Expansion conversations have continued to swirl around the league, with markets including Vancouver, Quebec City, Detroit, and Seattle frequently mentioned as potential homes for future franchises. The success of the playoff race in 2026, combined with the business momentum of the regular season, will inform decisions about when and where the league chooses to grow. Any expansion would also shape the long-term competitive balance of the playoffs.
Player development infrastructure has also grown alongside the business case. Training facilities, performance analytics, and sports science support have improved significantly since the league's launch, and players now enter the league better prepared and stay healthier through long seasons. Those operational improvements, while less glamorous than playoff drama, are part of why the PWHL has managed to outperform many earlier efforts to establish durable women's professional hockey leagues in North America.
What's next
The PWHL regular season wraps up on April 25, with the final week's games set to determine the full playoff bracket. Fans who have not yet paid close attention to the league's standings will find no shortage of drama in the final stretch, particularly around the Charge-Sirens-Sceptres battle and the Victoire-Fleet fight for the top seed.

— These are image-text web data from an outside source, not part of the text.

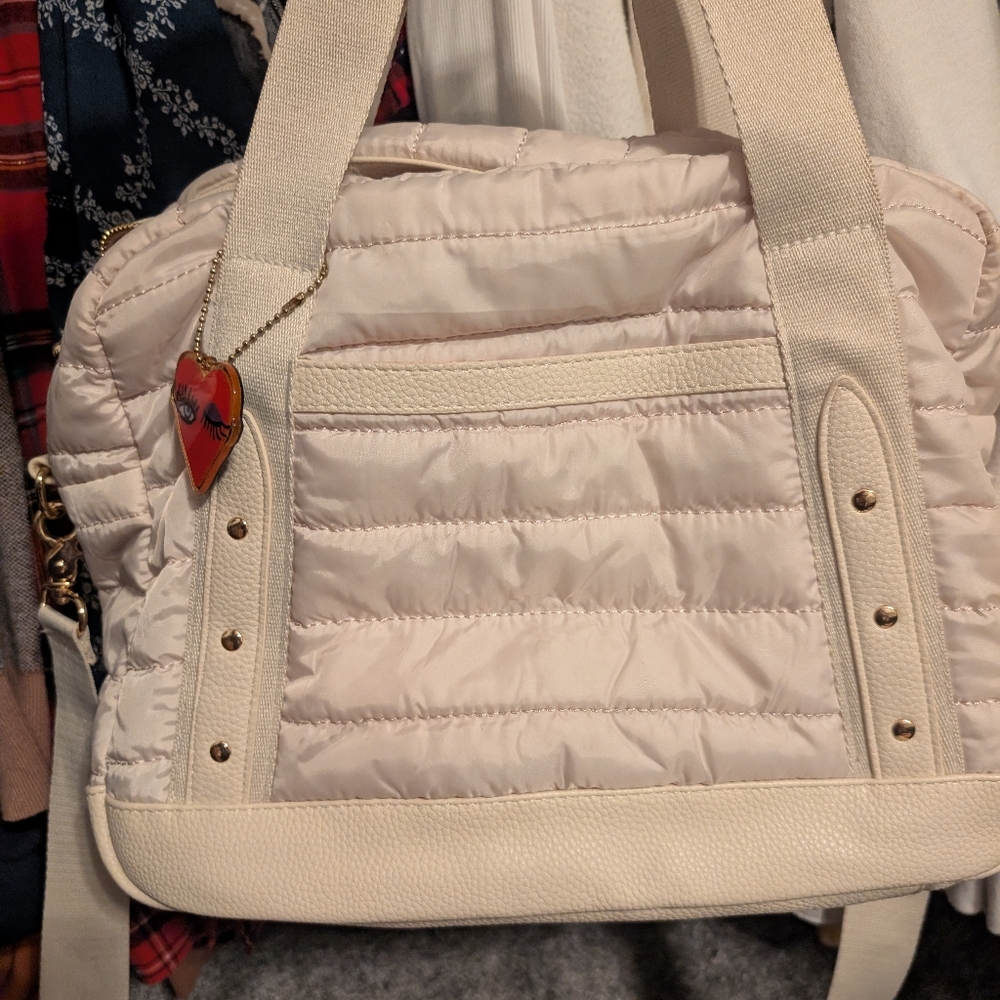 Bouffants & Broken Hearts Stylish Cream Puffy Women's Bag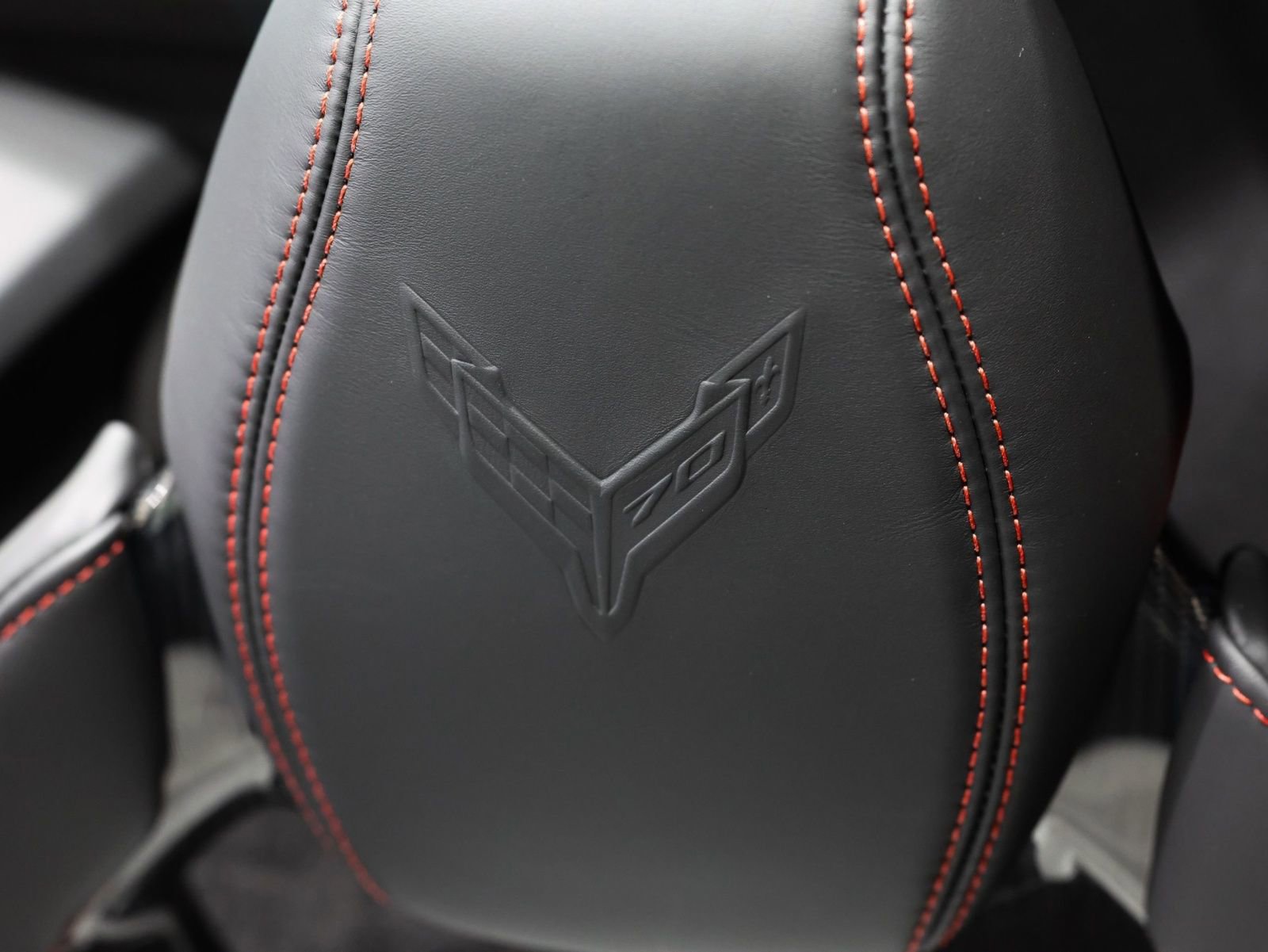 Used 2023 Chevrolet Corvette Stingray Premium Conv w/ Z51 Performance Package RWD image 11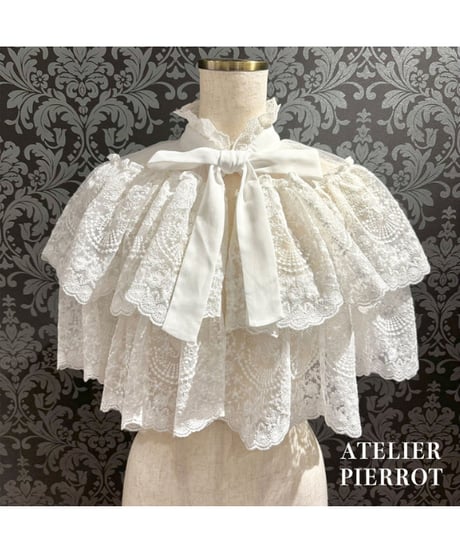 ATELIER-PIERROT／Chantilly Lace Capelet（ホワイト）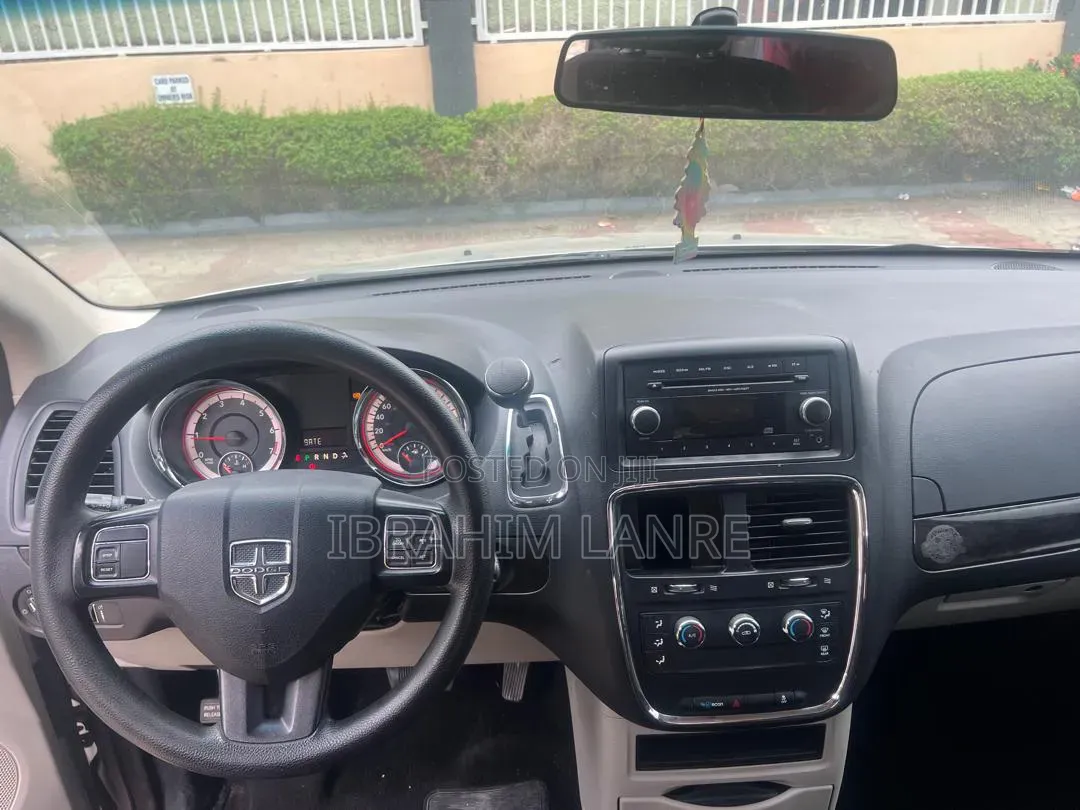 Dodge Caravan 2016 Silver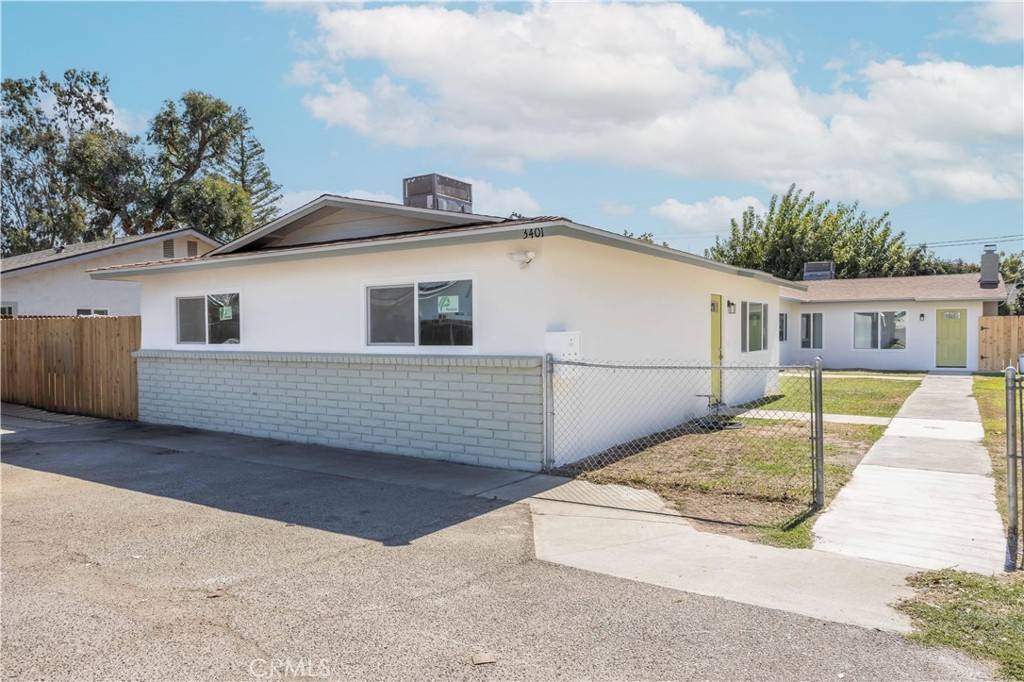 Bakersfield, CA 93309,3401 Squire LN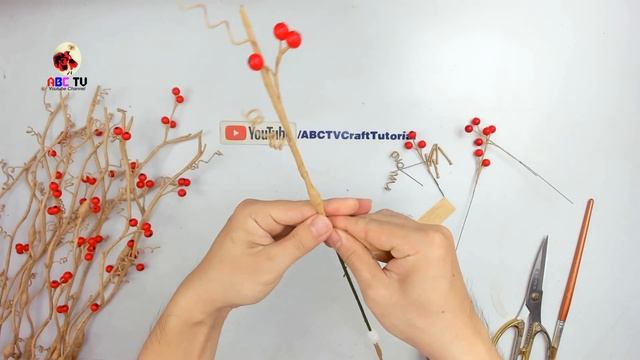 ABC TV | How To Make Christmas Wreath With Paper (Slowly) - Craft Tutorial смотреть онлайн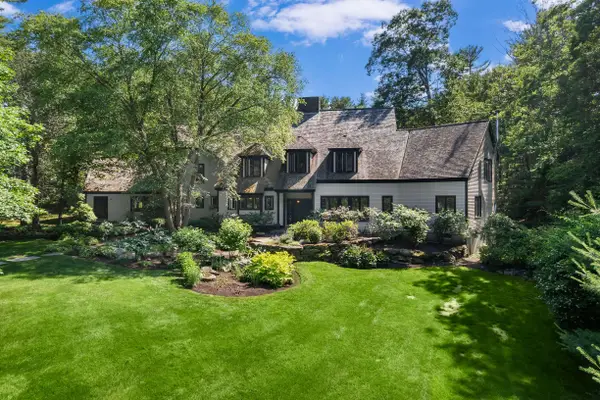 17 Pepperell Way, York, ME 03909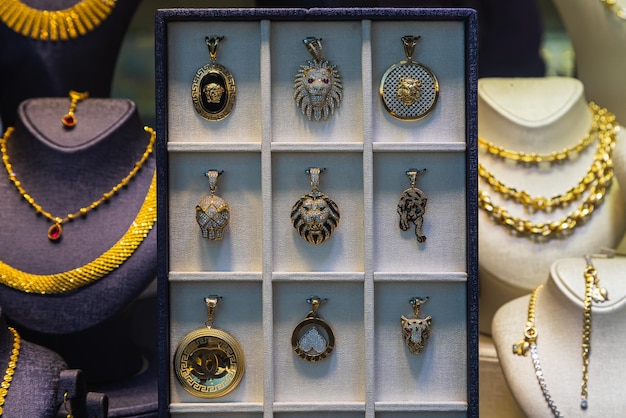 Close-up van de sieraden gouden halskettingen ring armbanden show in schoonheid winkel etalage showcase achtergrond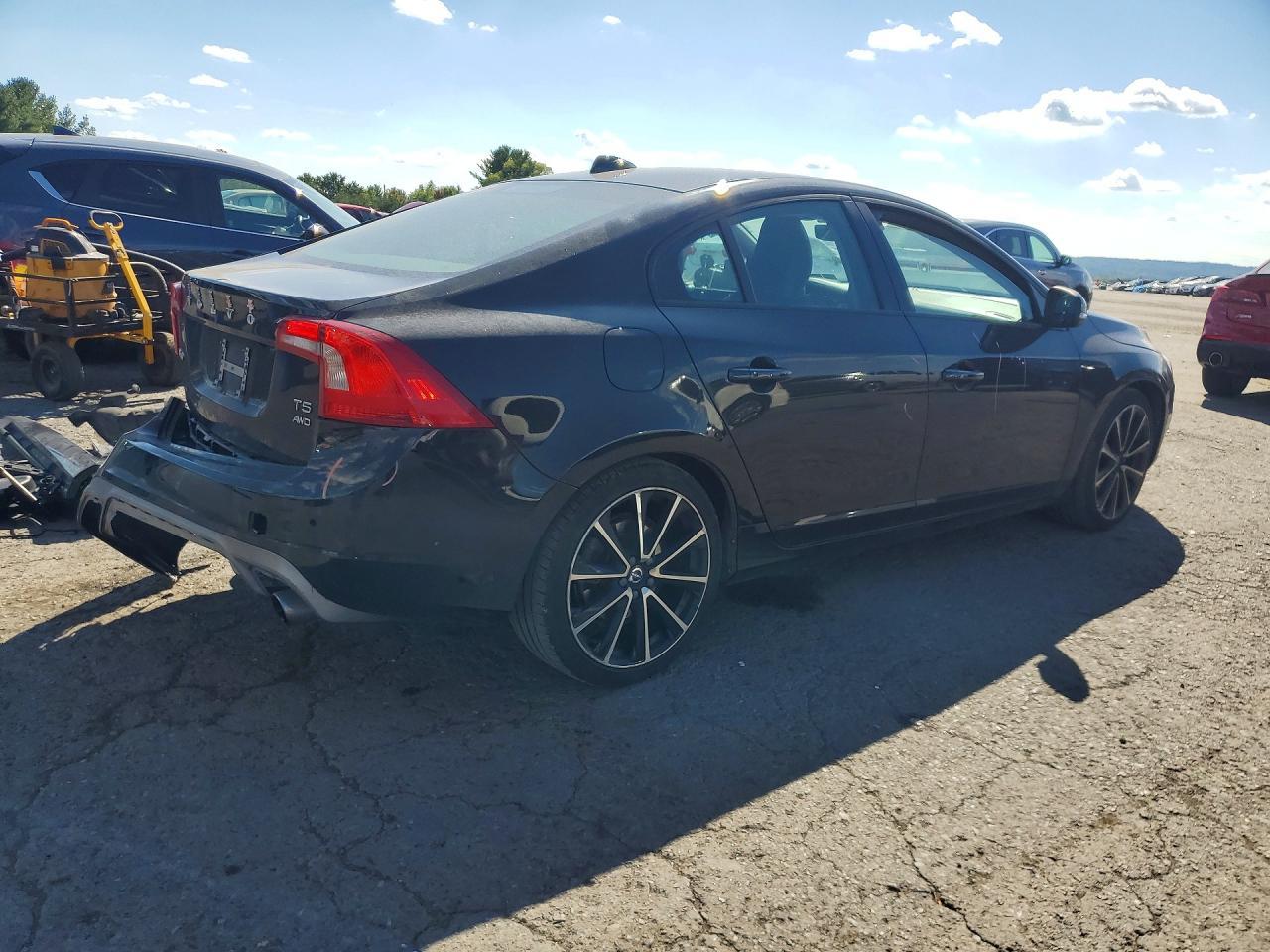 2017 Volvo S60 Dynamic - Image 3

Ticket demand for the Walter Cup Playoffs is expected to be strong, particularly in Montreal and Ottawa, where home-ice games would produce some of the most significant Canadian women's professional sports events of the year. Media coverage plans have been expanded, with TSN and other carriers committing to wider coverage of the playoff bracket than in either of the league's previous seasons.
For the players themselves, the coming week represents a chance to finish the regular season on their own terms and to enter the playoffs with the tactical and emotional momentum that defines extended post-season runs. For fans across the country, the week ahead promises tight hockey, clarifying results, and a playoff picture that will finally come into focus after a regular season that delivered on its promise of parity and competition.